Trade Forum Features

Adding quality to export management

15 April 2013
ITC News
How ITC assists exporters to get better access to market information to open up their export potential

Quality of products and services is a prerequisite for successful market access and is essential to increase revenues from export. Therefore, it is not surprising that many projects implemented by ITC have an important quality component involving a range of services aimed at:

  • Enhancing exporter access to information about mandatory technical requirements and voluntary standards applicable in the importing country
  • Developing exporter capacity to adapt their products and management systems to meet these requirements
  • Facilitating exporter demonstrations that products meet relevant requirements
  • Improving exporter access to standardization, metrology and conformity assessment services, which in many developing countries is not adequate.

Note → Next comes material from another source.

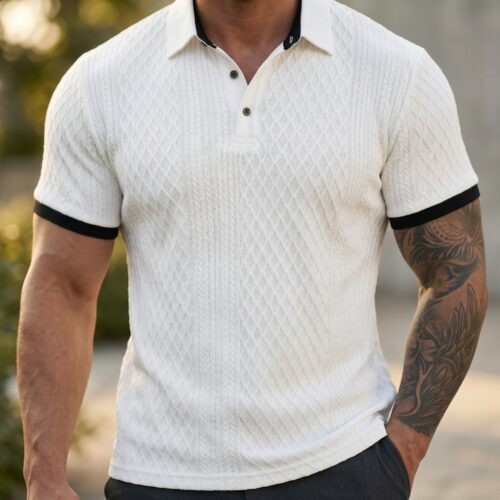 Textured Knit Polo Shirt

ITC’s quality intervention in Gambia’s Sector Competitiveness and Export Diversification initiative, which is funded by the Enhanced Integrated Framework, started in June 2012 and addresses food safety and quality issues that are hindering export market access for Gambian groundnuts, cashew nuts and sesame. The intervention includes the development of standards for the three product sectors, upgrading laboratory testing capacity, training in food safety systems and the development and implementation of field schools for farmers in the sectors.

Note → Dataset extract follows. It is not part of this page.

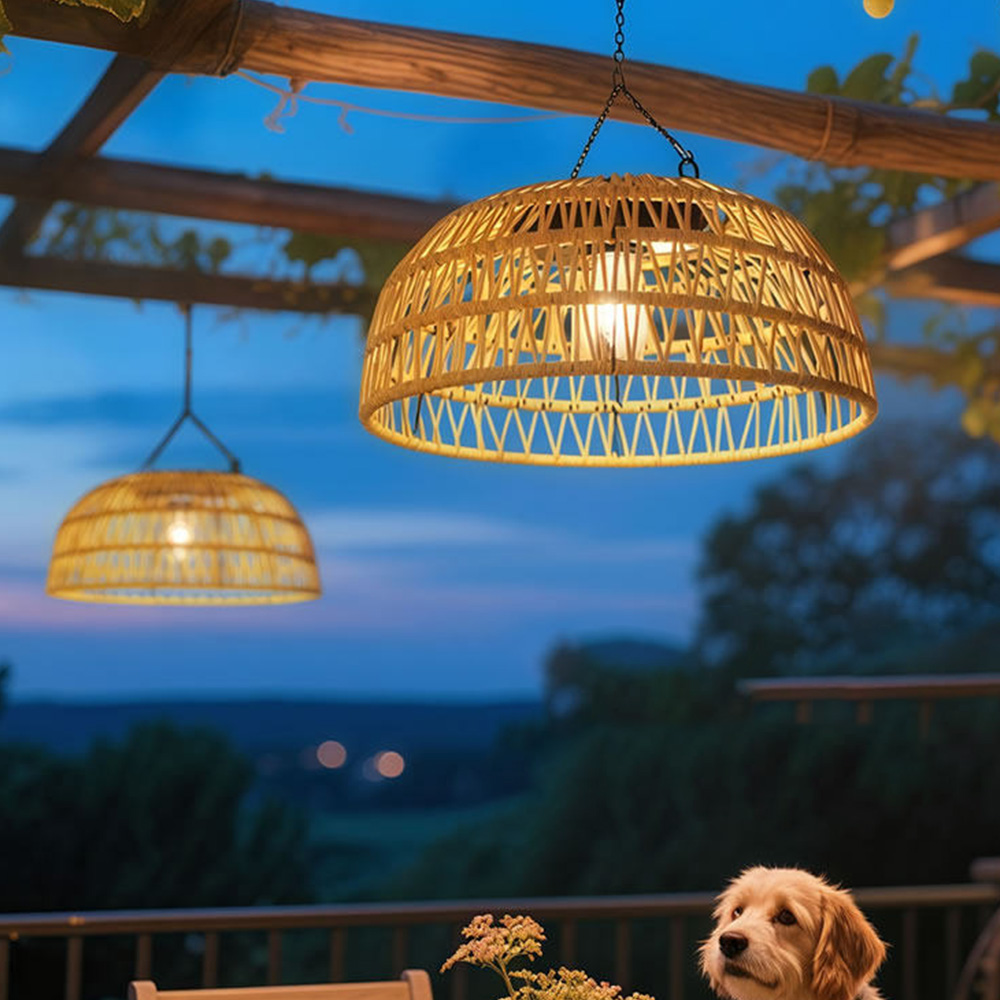 Boho Natural Rattan Drill-Free Solar Pendant Light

In a project in Senegal funded by the Netherlands Trust Fund, the ITC quality team is assisting mango exporters from the Niayes region in accessing the European Union (EU) market and improving their competitiveness. Two enterprises achieved GlobalGAP certification, a standard for the certification of agricultural products resulting from good agricultural practices, which was awarded by ECOCERT in August 2012. ITC also conducted training sessions for producers and exporters on the prevention and treatment of fruit fly infestation and the implementation of good agricultural and cold chain practices. A series of analyses on pesticide residue conducted by Laboratoire Phytocontrol, an internationally accredited lab, proved mango samples were in conformity with EU regulation on maximum residue limits.

Between 2007 and 2012, ITC successfully supervised a number of Standards and Trade Development Facility (STDF) projects, including initiatives to strengthen the fisheries sector in Yemen, the sesame seed and shea nut butter sectors in Nigeria, and horticulture in Tanzania. Because of the discontinuation of its supervisory role in STDF projects in 2012, and in light of its work, ITC is now called upon to implement STDF projects. In this context, ITC is implementing the STDF Improving Food Safety and Quality of Sri Lankan Fruits and Vegetables project from March 2013 to March 2015.

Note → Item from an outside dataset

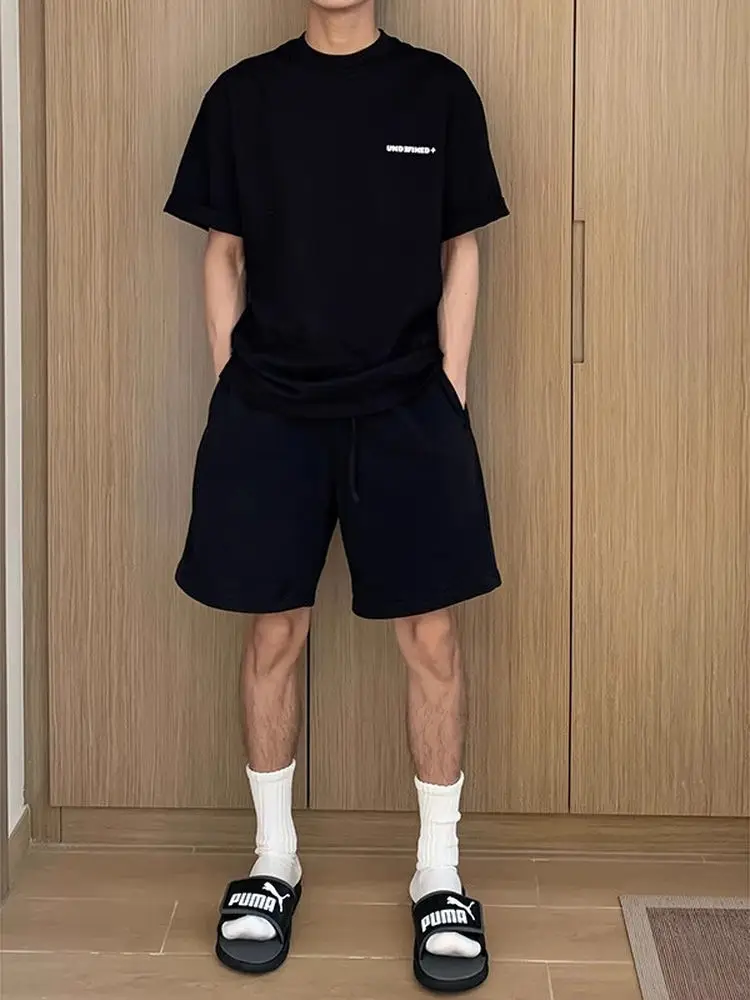 

Bla Casual Cotton Sports orts Men's Summer Cleanfit Loose Straight Leg Five-Quarter Lengths for Outdoor Wear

ITC has also been active in the implementation of trade promotion projects in Central Asia and has assisted in the accreditation and international recognition of conformity assessment bodies. One certification body in Uzbekistan, SMS ITI, became an accredited ISO 9001 certification body, and two testing laboratories for food and agricultural products in Tajikistan became accredited to ISO/IEC 17025. ITC is assisting the Kyrgyz Accreditation Centre to become a full member of the International Laboratory Accreditation Cooperation. ITC is also providing direct assistance to enterprises to implement food safety management systems, while two enterprises in Kyrgyzstan and Tajikistan have already been certified to ISO 22000.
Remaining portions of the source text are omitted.